On the production end, Shiozawa's former subordinate, Hayashi, is having a horrible time editing an artist she has inherited, Aoki, whose last series was abruptly cancelled right after the switchover. Aoki is prone to deriding everyone around him, Shiozawa excluded, as boring mediocrities who have surrendered the lively soul of the art form to wan careerism; he is working on a new comic that everybody knows is absolute dogshit. Is there a degree of self-parody to this portrait of artist misbehavior? Hard to say, but it's as hard not to see the figure of Shiozawa as a fantasy of Matsumoto's former editor, Hideki Egami, who founded Shōgakukan's 'alternative'-styled magazine IKKI, with which Matsumoto was closely associated, and which indeed sputtered and died from reader disinterest - though Matsumoto has said the character bears little resemblance to the real Egami.
If you are wondering: no, Matsumoto does not spell out what makes a 'good' comic in this introductory volume.

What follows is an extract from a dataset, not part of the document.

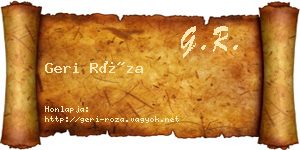 Geri Róza névjegykártya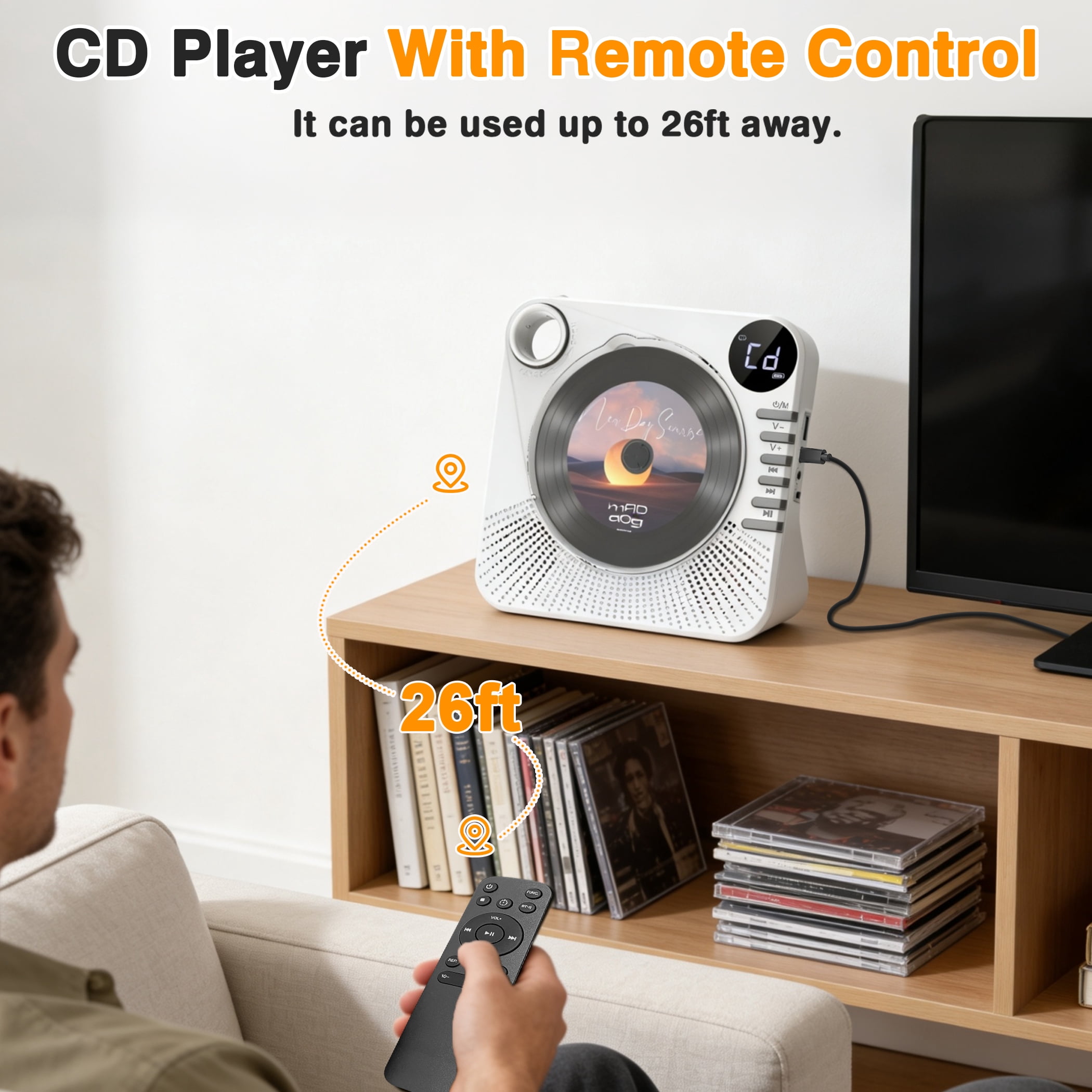 Desktop CD Player Bluetooth with HiFi Dual Speaker, CD Player for Home with Remote Control,Dust Cover,LCD Display,Sleep Timer,EQ Sound,USB/AUX/3.5mm Earphone Jack for Home,Kids,Gift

Actually, in one of his few concrete statements, Shiozawa criticizes the excessive use of cutting back and forth between parallel scenes, which is something Matsumoto himself does pretty frequently, so I think we are not in proscriptive territory; as usual, this artist is interested mainly in expressions of the subjectivity of his characters, the world bending and curving around them, their attitudes contradictory and presented without bias. Or, as Matsumoto once remarked to the cartoonist Daisuke Igarashi: "I’ve come to feel that the characters are really all me. The children left at the orphanage, the parents who left them there, the people taking care of them at the orphanage - all of them are me." In recent works, Sunny and Cats of the Louvre, the artist Saho Tōno, Matsumoto's spouse, has been credited as the co-author; in this volume, she is credited only for "production cooperation," which may be a distinction without a difference, but I wonder if the less washy, fatter-lined quality of this book is reflective of Matsumoto being a bit more "me" on the page than before.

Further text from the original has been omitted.